Какое кощунство продавать красоту на вес!
Плахова уже извлекла из недр витрины раковину бемампи, перламутровую, с нежным синеватым отливом, и тянется к удлиненному острому витку, обрызганному багровыми полосками и крапинками. Ракушка эта пока остается для нас безымянной. Спешу уплатить указанную в этикетке цену и вывести мою жену из магазина, пока не поздно.
— Интересно, — обретя дар речи, произносит она, когда из темного помещения вновь попадаем на свет божий, — интересно, если малагасийцев считают плохими ныряльщиками или вовсе не умеющими нырять, кто же достает им со дна ракушки?
От меня ей не дождаться ответа, стрелки часов неумолимо отсчитывают минуты, превращая их в часы. Время наше истекло. Ускоряя шаги, почти бежим назад, к причалу, следуя за переместившейся от домов тенью. Панорама бухты открывается неожиданно. Крутой обрыв огражден каменной балюстрадой с искрошившимися балясинами. Пробиваются к свету широкие зонтики лопухов, карабкаются вьюнки, кружевной белой вышивкой принаряжая зелень. В обрамлении цветущей рамки зеркальная гладь залива без волн, без ряби светится отраженным сиянием облаков. На рейде лишь два больших судна — «Курчатов» и низкий желтый сухогруз под иностранным флагом.

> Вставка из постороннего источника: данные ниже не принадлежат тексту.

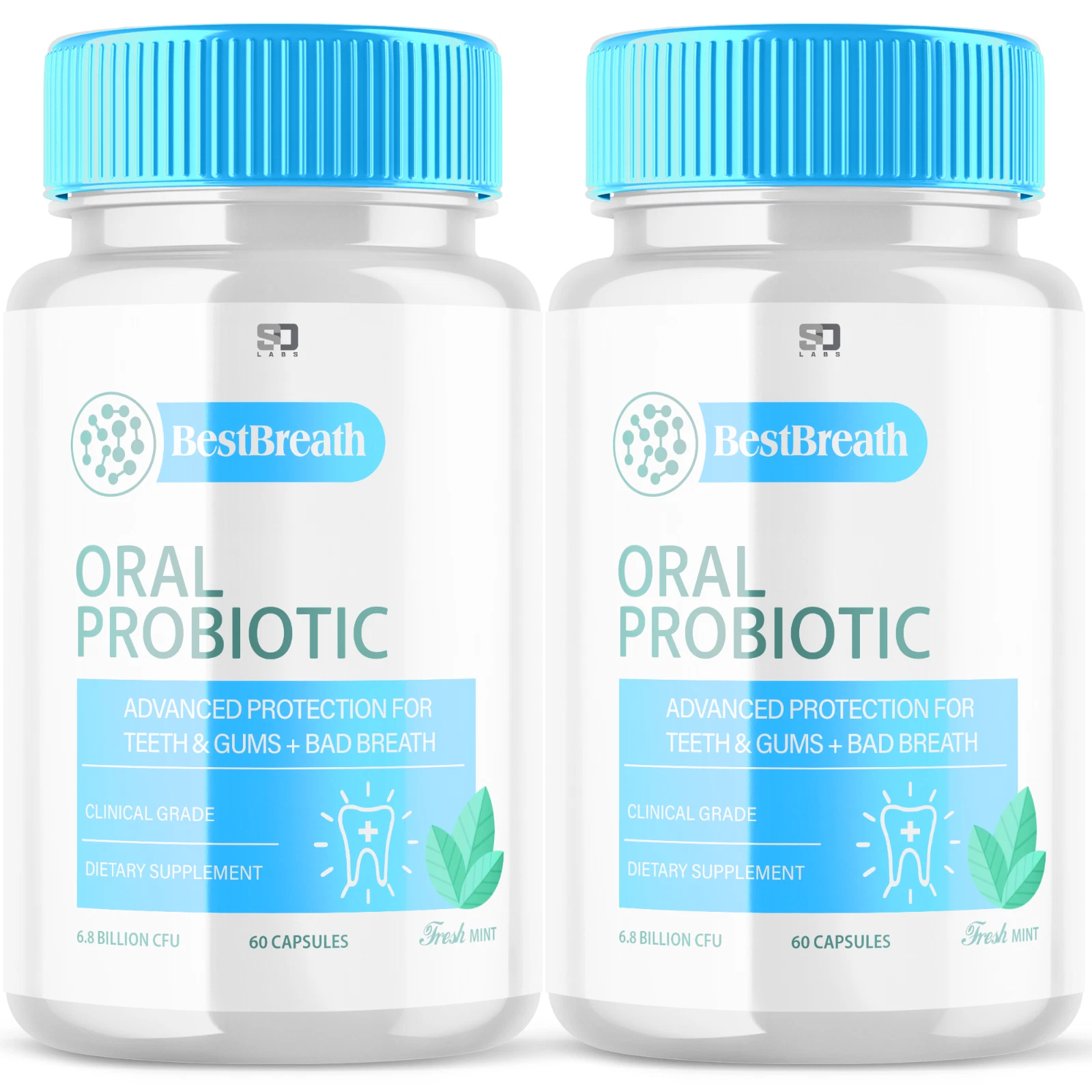 [285692635991] (2 Pack) Best Breath Oral Probiotic, BestBreath Gum Teeth Health (120 Capsules)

За спиной — приземистое здание. На флагштоке полощется национальный флаг. Слышен нестройный хор детских голосов, после паузы повторяющий слова учителя: еще одна школа, на этот раз в переоборудованном помещении бывшей военной казармы. В ребячий говорок вплетены гудение шмелей, пощелкивание птиц. Терпкий медвяный дух стоит над землей, так и хочется ущипнуть себя — не снится ли этот просвеченный голубизной мир…
В соответствии с назначенным временем от «Курчатова» отделяется белый бот и, растягивая ниточку-след, бежит к причалу.
Заставлять себя ждать не принято. Бежим навстречу, хотя Плахова под любым предлогом пытается отстать и заглянуть в сумку, где аккуратно завернутые в носовой платок лежат бемампи и безымянная, в алую крапинку красавица, будто лишенная моллюска ракушка когда-либо убегала от законного владельца!